Include files are typically used for record and macro definitions that are shared by several modules. It is recommended that the file name extension .hrl be used for include files.
File may start with a path component $VAR, for some string name $VAR. If that is the case, the value of the environment variable VAR as returned by os:getenv(VAR) is substituted for $VAR. If os:getenv(VAR) returns false, $VAR is left as is.
If the file name File is absolute (possibly after variable substitution), the include file with that name is included. Otherwise, the specified file is searched for in the current working directory, in the same directory as the module being compiled, and in the directories given by the include option, in that order. See erlc(1) and compile(3) for details.
Examples:
-include("my_records.hrl").
-include("incdir/my_records.hrl").
-include("/home/user/proj/my_records.hrl").
-include(""$PROJ_ROOT/my_records.hrl").
include_lib is similar to include, but should not point out an absolute file. Instead, the first path component (possibly after variable substitution) is assumed to be the name of an application.
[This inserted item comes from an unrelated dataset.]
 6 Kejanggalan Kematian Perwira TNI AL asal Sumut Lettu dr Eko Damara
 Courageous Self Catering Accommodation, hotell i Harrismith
Example:
-include_lib("kernel/include/file.hrl").
The code server uses code:lib_dir(kernel) to find the directory of the current (latest) version of Kernel, and then the subdirectory include is searched for the file file.hrl

Erlang's include_lib is not as big an addition to Prolog's include as it looks; Prolog systems commonly allow structured file names that do the same job more generally.
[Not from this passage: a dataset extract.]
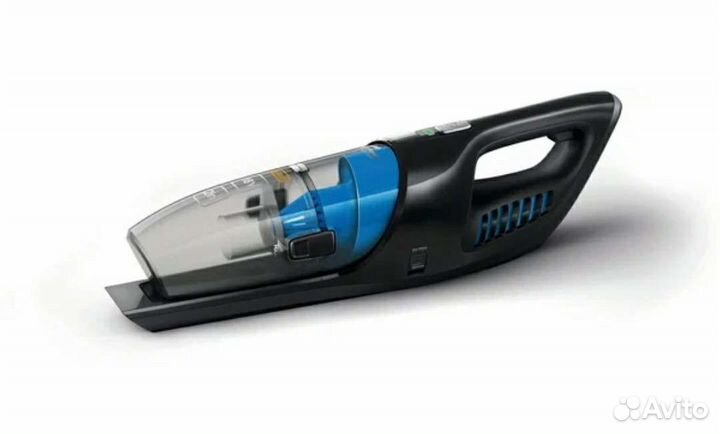 Вертикальный пылесос Philips FC6163/02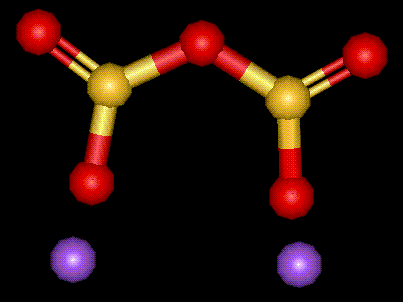 Sodium metabisulphite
What the common solution gets right

Common code only has to be written once; it can then be used many times.
The feature is a standard part of the language; you can always use it.
Any kind of declaration can be shared this way.
While current practice seems to ignore it, you can build a module out of un-shared pieces this way.
Source file inclusion is a familiar technique available in a wide range of languages, so programmers feel comfortable using it.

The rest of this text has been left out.